General characteristics
- Type: Destroyer
- Displacement: 390 long tons (400 t)
- Length: 60.35 m (198 ft 0 in)
- Beam: 6.5 m (21 ft 4 in)
- Draft: 1.8 m (5 ft 11 in)
- Installed power: 6,500 shaft horsepower (4,847 kW)
- Propulsion: 2 × triple-expansion engines; 4 × Schichau water-tube boilers;
- Speed: 32 knots (59 km/h; 37 mph)
- Complement: 69
- Armament: 2 × 76.2 mm QF 12-pounder 12 cwt naval guns; 4 × 47 mm QF 3-pounder Hotchkiss guns; 2 × 18-inch (457 mm) torpedo tubes;

= Chang Feng-class destroyer =

Chinese destroyer class (1912–1947)

Chang Feng-class destroyer was a class of Chinese destroyer bought from Germany during the naval reconstruction at the end of the Qing dynasty. However, the 1911 Revolution had already broken out before the ships were launched, and they were inherited by the Republic of China when the ships were completed.
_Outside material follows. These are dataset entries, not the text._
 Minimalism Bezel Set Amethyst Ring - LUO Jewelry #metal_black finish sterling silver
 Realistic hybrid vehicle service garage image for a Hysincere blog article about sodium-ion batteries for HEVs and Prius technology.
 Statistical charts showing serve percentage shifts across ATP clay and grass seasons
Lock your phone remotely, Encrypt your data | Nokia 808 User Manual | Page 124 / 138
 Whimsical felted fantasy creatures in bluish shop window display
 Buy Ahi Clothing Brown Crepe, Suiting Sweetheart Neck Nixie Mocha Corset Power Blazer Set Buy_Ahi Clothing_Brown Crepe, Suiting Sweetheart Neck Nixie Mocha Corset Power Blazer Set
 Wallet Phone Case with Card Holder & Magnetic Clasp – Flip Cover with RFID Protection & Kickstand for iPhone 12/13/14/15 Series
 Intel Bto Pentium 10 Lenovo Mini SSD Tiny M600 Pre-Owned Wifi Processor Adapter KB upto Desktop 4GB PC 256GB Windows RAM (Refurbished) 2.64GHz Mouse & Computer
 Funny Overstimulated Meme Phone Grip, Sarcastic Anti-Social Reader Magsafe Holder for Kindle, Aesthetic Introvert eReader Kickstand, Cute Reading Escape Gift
The three ships of this class have all experienced the turbulent period of warlord era in the early years of the Republic of China. Among them, the first ship Yu Chang (formerly Chang Feng) was lost after she was wrecked in 1932. At the beginning of the Second Sino-Japanese War in 1937, the remaining two ships, Chien Kang (formerly Fu Po) and Tung An (formerly Fei Hung) were all lost.

They were later repaired by the Japanese and transferred to the puppet Wang Jingwei regime. In 1944, Tung Chun (former Tung An) was abandoned after an uprising by members of Nanjing regime Navy. After the end of the war in 1945, Chien Kang was returned to the Chinese Navy and was retired from the Navy in 1947.

==Design and overview==
The Qing government intended to rebuild the navy after the First Sino-Japanese War of 1894–1895 and bought warships from Britain, Germany and other countries. However, the rebuilt fleet suffered another severe damage during the Boxer Rebellion of 1900, and only managed to purchased four Hai Lung-class destroyers. The destroyers were all captured by the coalition forces. In 1909, the Qing government sent a delegation led by Zaixun, Prince Rui to visit European countries, and to order a large number of small and medium-sized warships from those countries. During visit to Germany, Zaixun ordered three destroyers from the Schichau shipyard. The first ship was ordered in 1910 at a cost of 57,965 pounds. A year later, two additional ships were ordered for a total of 115,930 pounds.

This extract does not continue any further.